WHAT YOU HAVE TO DO
Your copy runs from the line containing "Francobollo usato germania - usato, ~" through the last line of the listing, both included. Restate those lines word for word and leave out pictures.

SUPPLIED INFORMATION
-----
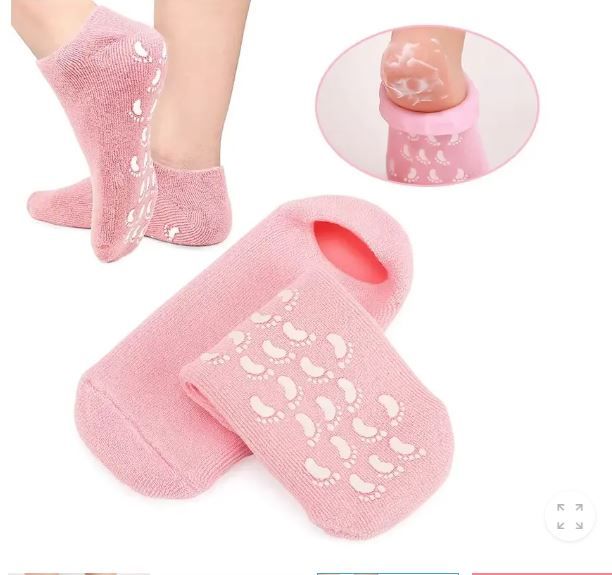 Silicone Socks Pink_0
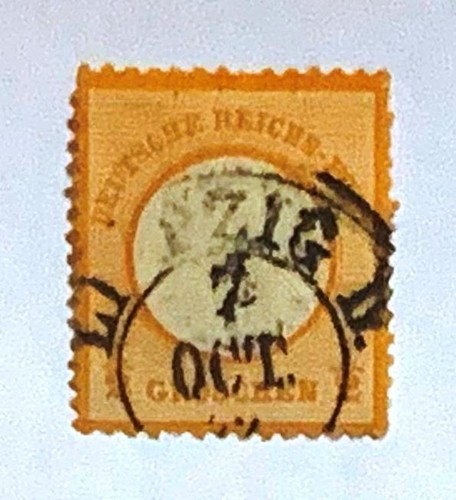 Francobollo usato germania - usato, ~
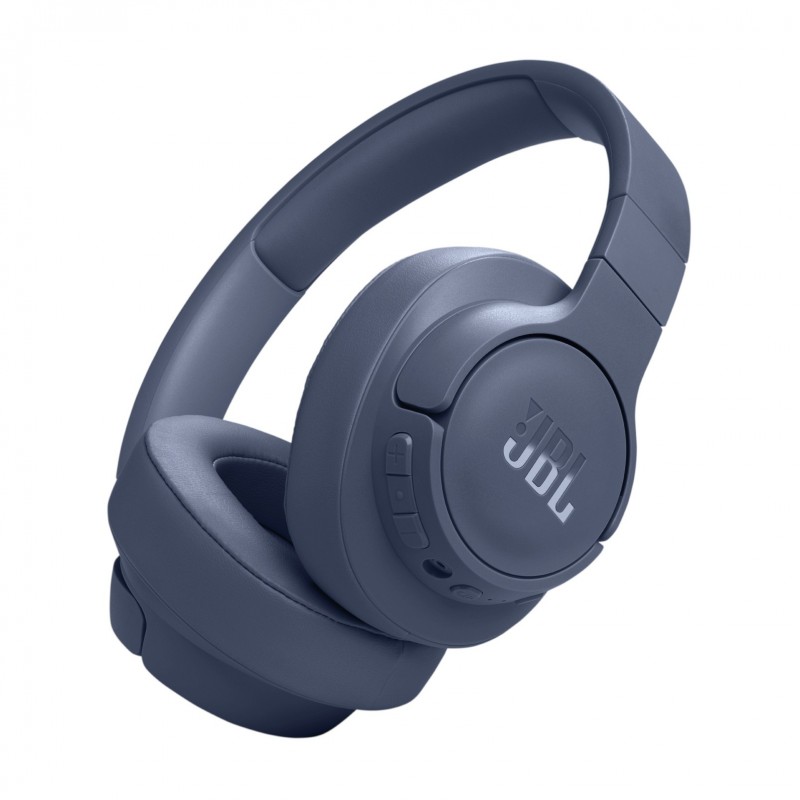 JBL Tune 770NC Auricolare Con cavo e senza cavo A Padiglione Musica e Chiamate USB tipo-C Bluetooth Blu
-----
TASK ANSWER
 Francobollo usato germania - usato, ~
 JBL Tune 770NC Auricolare Con cavo e senza cavo A Padiglione Musica e Chiamate USB tipo-C Bluetooth Blu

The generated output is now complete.